5.2. Glial–Immune and Metabolic–Vascular Control: Controlling Homeostatic Constraints and Basin Stability

Topology of the landscape geometry is determined not only by neurons, but by glial, immune, metabolic, and vascular functions that establish boundaries on excitability and plasticity. Astrocytes regulate the concentration of extracellular K+, glutamate clearance, and lactate supply—all of which are important determinants of the stability of networks and the transition thresholds [192,193]. Gliotransmitter release from astrocytes can modulate the stability and resilience of attractors through connexins, AQP4, Kir4.1 buffering, and Ca+-dependent gliotransmitter signaling. For example, AQP4 polarization regulates the clearance of glymphatic interstitial fluid and the flow of interstitial fluids, thereby regulating the stability of spike trains and the structure of the basin [194]. Microglia influence the organization of synapses through activity-dependent pruning and cytokine signaling and therefore regulate the gain and noise characteristics of circuits and attractor stability. Activation state of microglia determines whether the synapses are stabilized or eliminated and whether pro- or anti-inflammatory programs are expressed [189]. Targeting of pathways such as CSF1R, TREM2, or NF-κB can adjust microglial pruning and inflammatory tone and therefore indirectly affect the basin topology in disorders where the pathophysiology involves the movement of trajectories toward maladaptive regimes. Oligodendrocytes provide a different type of control surface: adaptively regulated myelination changes the speed of conduction and the timing of spikes and therefore the synchrony and stability of recurrent loops. Regulation of oligodendrocyte regulators (MYRF, FGF-linked programs) can modify the timing relationships that define large-scale eigenmodes and, after some time, the geometry of attractors [190,191].
Additionally, metabolic and vascular processes limit the energetic requirements for maintaining the attractors. The functions of mitochondria, oxygen delivery, neurovascular coupling, and availability of substrates (glucose, lactate) limit the depth of the basin and the stability of trajectories; failure of these resources can lead to pathological transitions, such as metabolic crisis induced seizures or spreading depressions [192]. Molecular control of regulators of bioenergetics (PGC-1α, SIRT1, AMPK) can improve mitochondrial function and protect against energetic bifurcations and therefore indirectly stabilize adaptive basins [185]. At the network level, interventions that promote neurovascular coupling or support angiogenesis (VEGF- and NO-linked pathways) can expand the range of operation in which the system operates and reduce transition variability during stressful events [195].
Bioelectronic and optogenetic tools can theoretically target metabolic and vascular constraints directly—utilizing closed loop control of blood flow or metabolic enzymes that are activated by neuronal activity to shape the energetic substrate that allows synaptic and genomic plasticity [196,197].

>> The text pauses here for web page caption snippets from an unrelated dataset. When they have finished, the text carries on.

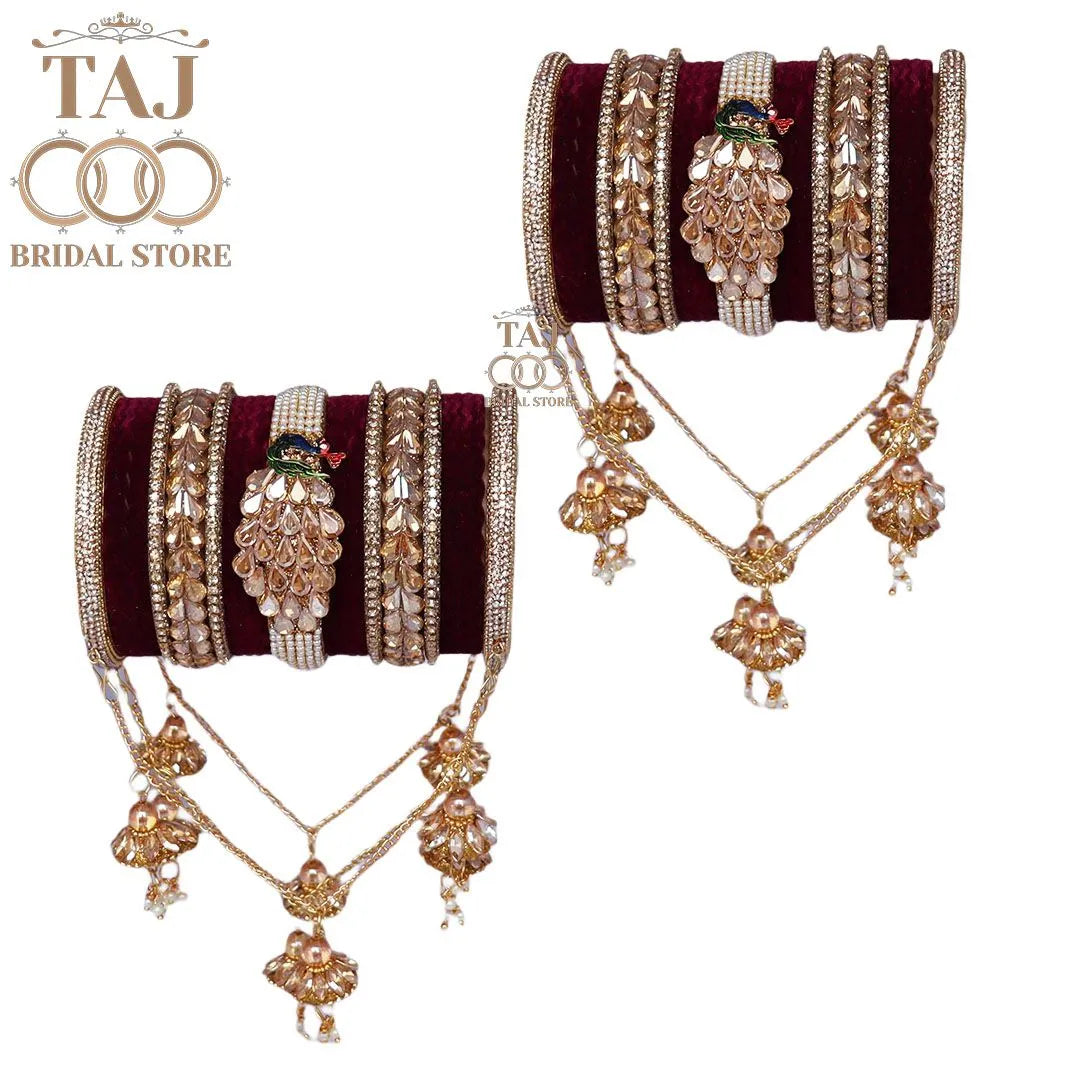 Metal Wedding Bangles Set With Beautiful Peacock Design Kada and Chain Latkan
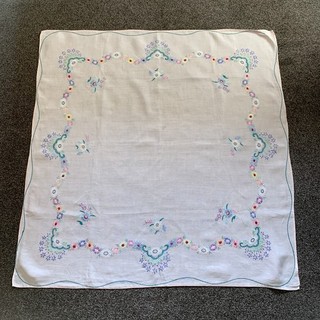 Vintage Light Pink Hand Embroidered Linen Coffee / Side Tablecloth 87cm X 85cm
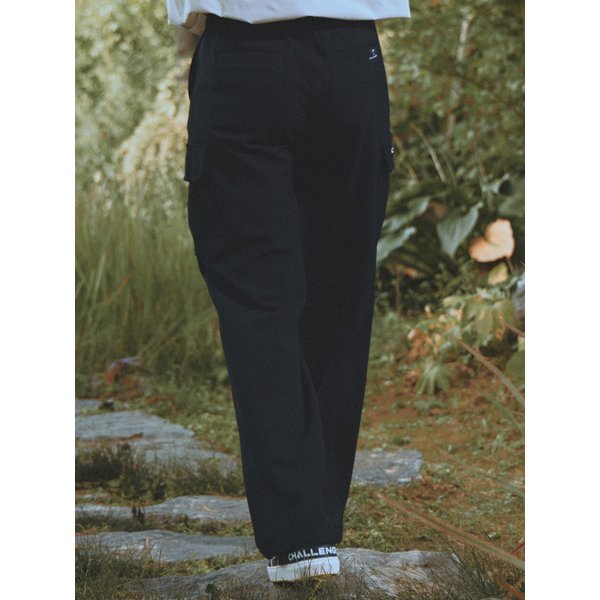 여성 울라이크 카고포켓 와이드팬츠 블랙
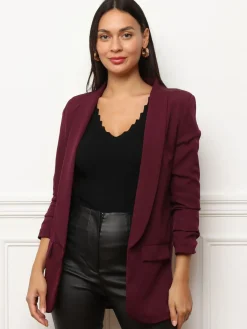 Discount La Modeuse Veste blazer à manches retroussées Bordeaux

5.3. Combining Molecular Levers with Digital Twins and Adaptive Control: Toward Programmable Neurotherapeutics

Ultimately, the largest leverage will be achieved when molecular control is incorporated into closed-loop dynamical frameworks. Digital twins can forecast how genome edits, epigenetic alterations, glial modulation, or metabolic interventions deform the geometry of attractors over weeks to months; adaptive controllers can then time and dose these actuators based on real-time estimates of the state, creating multi-level feedback loops that span millisecond to long term reconfiguration [198].
Synthetic gene circuits represent an especially appealing internal actuator layer: for example, circuits that can detect elevated levels of inflammatory cytokines can activate anti-inflammatory transcriptional programs when attractor stability decreases; circuits that can monitor aberrant oscillatory patterns can stimulate homeostatic excitability countermeasures [199,200].
Therefore, programmable neurotherapeutics represent the likely achievable goal in the near term: interventions do not simply suppress symptoms but progressively reorganize the landscape parameters to restore adaptive repertoires, open plasticity windows, and decrease the likelihood of future pathological transitions [201,202]. Long-term prospects—such as engineering completely novel cognitive attractors or enhancing cognition beyond typical physiological limits—should be viewed as futuristic and speculative and require significant additional empirical evidence and ethical constraints prior to being clinically viable [203,204]. Figure 2 displays the convergence of the molecular and genetic control surfaces (genome/transcription engineering, epigenetic remodeling, glial–immune modulation, metabolic–vascular regulation) and illustrates how their integration with adaptive control can, in principle, deepen adaptive basins, shrink pathological ones, and expand the state space of the brain that is accessible.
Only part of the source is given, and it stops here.